The review’s recommendations include asking CrimTrac, in co-operation with all Australian law-enforcement agencies, to prioritise bringing the National Firearms Interface into operation by the end of 2015. The Standing Council on Police and Emergency Management initiated the interface as a means of tracking illegal firearms and eliminating the markets for them in 2012. Then-home affairs minister Jason Clare adopted the proposal in May 2013.
The joint review also urged Australian police to continue an audit of their firearms data holdings ahead of the interface, and to seek ways of simplifying the regulation of the legal firearms market.

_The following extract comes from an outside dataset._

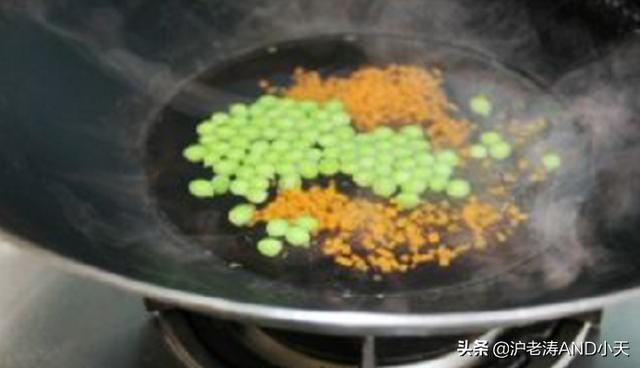 【超级宝妈】小孩子,不肯好好吃饭怎么办?这样做让他抢着吃!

A 25-year journey to fewer gun deaths
It is useful in this context to recall the report of the National Committee on Violence 25 years ago. The federal government commissioned this inquiry as a result of two atrocities only months apart in downtown Melbourne: the Hoddle Street massacre of seven people in August 1987 and the gunning down of eight Australia Post workers only four months later in Queen Street.
The committee despaired that firearms data of any kind was almost non-existent. The inquiry chairman, Professor Duncan Chappell, quipped at the time that we knew more about the numbers of rabbits in this country than about the number of guns.
The national committee published its report in 1990. It made more than a dozen recommendations regarding firearms, including uniform legislation, a national gun-control strategy, a computerised firearms registry and a permanent amnesty for those surrendering unauthorised firearms.
The reaction from governments was lukewarm. All of that changed on April 28, 1996, in Port Arthur, Tasmania. On that day, a disturbed loner, Martin Bryant, used a high-powered semi-automatic weapon to gun down 35 innocents. At the time of his legitimate purchase of this gun, there was no requirement that he be licensed to use it, or that it be registered.
One month later, the Australasian Police Ministers’ Council agreed upon a strategy designed to ban specific firearms. A large-scale buyback of all semi-automatic rifles and pump-action shotguns took place. By August 1998, more than 640,000 guns had been surrendered to Australian authorities.
That initiative was accompanied by laws tightening licensing requirements, regulating gun registration and mandating safe storage of firearms along with training requirements for all gun owners.
Not all guns were surrendered, however. The Australian Crime Commission estimates that there may currently be as many as 250,000 illegal long-arms and 10,000 handguns in this country.
US is a tragic example of lax gun control
The NSW Coroner will examine the origin of the specific firearm used in the Martin Place siege in due course. A relevant question for the coroner is whether Australian legislators should hold the line and continue their strong record on gun control, or relax restrictions. The latter would move us closer to the position being adopted by a growing number of legislatures in the United States.
Some US legislators appear to believe that if guns could be placed more readily in the hands of private citizens, gun violence would be less likely because would-be assassins could be stopped in their tracks. Their citizens appear to agree. In the weeks after the Sandy Hook school massacre in December 2012, there was a massive upsurge in gun purchases.
This view should be rejected out of hand. The US gun homicide rate is more than ten times the Australian rate. It is also significantly higher than the rate in all other modern industrialised democracies. Theirs is hardly the model that we should be following.
The National Homicide Monitoring Program operated by the Australian Institute of Criminology reports that homicides resulting from the use of a firearm have decreased in this country since the restrictions came into place. In 1989-90, 25% of homicides were known to have involved the use of a firearm. By 2010–12, firearms were used in only 14% of homicides.
In a study published a decade after the laws took effect, researchers Christine Neill and Andrew Leigh concluded:
We find reductions in both gun homicide and gun suicide rates that are statistically significant, meaning that they are larger than would have been expected by mere chance … Our best estimates are that the gun buyback has saved between 128 and 282 lives per year.
Following a global analysis of the available evidence, Dutch academic John van Kesteren similarly concluded:
In high-gun countries, the risks of escalation to more serious and lethal violence are higher. On balance, considerably more serious crimes of violence are committed in such countries. For this reason, the strict gun-reduction policies of many governments seem to be a sensible means to advance the common good.
Australians would do well to pay heed to these words. Australia’s gun genie must stay well and truly in its bottle.
Quite coincidentally, in June 2014, the Australian Senate referred to the Legal and Constitutional Affairs References Committee for inquiry and report:
The ability of Australian law enforcement authorities to eliminate gun-related violence in the community.
The reporting date has been extended to March 26. We await their deliberations with great interest.